Songs Of The Day 11/15/2014: Four Queen Covers


Quarterly Covers Report: This is the last day of the last Quarterly Covers Report of 2014, and I felt like doing something spectacular and fabulous. In that course of spectacular and fabulous thought my mind usually turns to Freddie Mercury, who shuffled off this mortal and woefully insufficient coil 23 years ago this coming November 24. My unending affection for Queen, in spite of and sometimes because of their flaws (you know, like "Body Language"), roused me to scour the net for four great renderings of some of their greatest hits.
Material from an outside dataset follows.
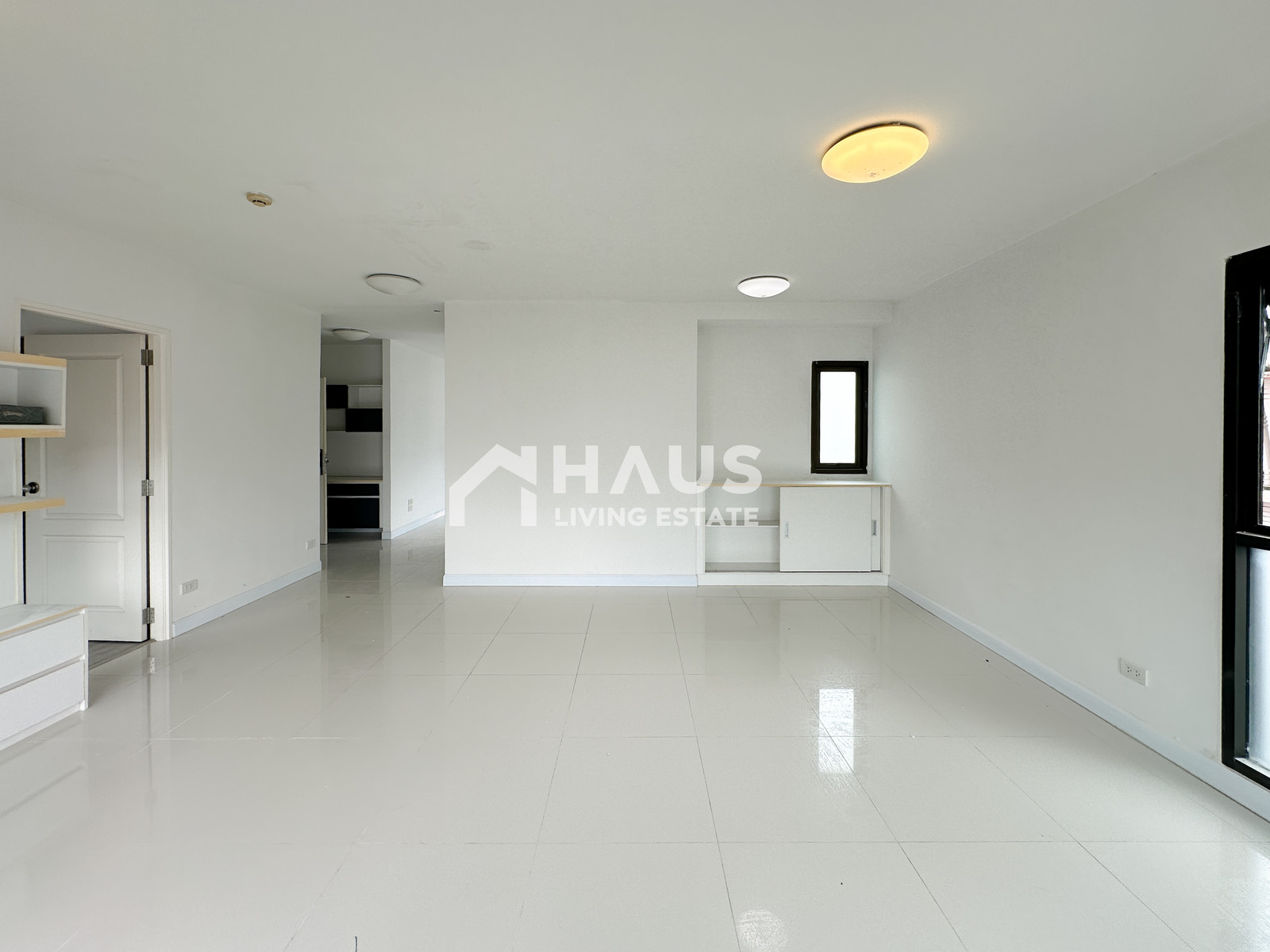 🚨 ห้องกว้างฟีล Penthouse วิวสระ! ใกล้รถไฟฟ้า-ห้าง ตรงข้ามมี 7-11, CJ 🔥 ขายคอนโด ซัมเมอร์ การ์เดนท์ 🔥 Summer Garden / 2 ห้องนอน #CCWT086 – รูปที่ 4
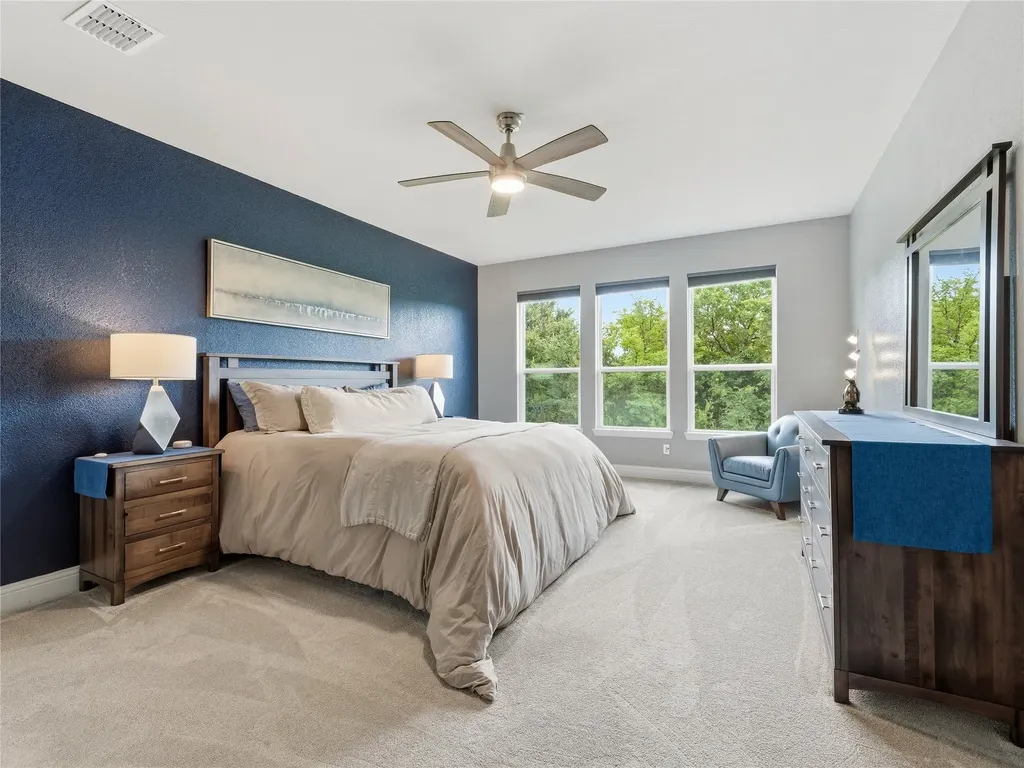 1921 Ordonez Drive Little Elm TX 75068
I found two great renderings. But you're still getting four songs. Starting with:


Beach House, "Play The Game": "Play the Game" is like the Robbie Rist of Queen's singles: It's only after seeing him by accident on reruns that you remember Rist was Cousin Oliver on The Brady Bunch. Nobody requests "Play the Game" by Queen, even though it's entirely in step with their most recognizable formulae. It's also an important song because on all of their albums before The Game Queen made a big point of mentioning somewhere in the liner notes that their albums were made without the assistance of any synthesizers whatsoever. It was a big point of pride for them, a pre-emptive fist in the air for their hard rock fans. Then The Game comes out, and they somewhat sheepishly say in the liner notes "This album includes the first appearance of a Synthesizer (an Oberheim OBX) on a Queen album." And when it finally shows up halfway through "Play the Game," holy crap does it show up. It had to be inevitable, 'cause Brian May's an astrophysicist. This sweetened cover of "Play the Game" is from Baltimore dream pop band Beach House, and it's got synths all over the place.

Shoot, just realized I'm gonna get hate mail from the Robbie Rist fan club. I did not mean to cast any aspersions on Mr. Rist whatsoever. Let it be said I admired his work in Sharknado. Then again, I admired everyone's work in Sharknado. Moving on.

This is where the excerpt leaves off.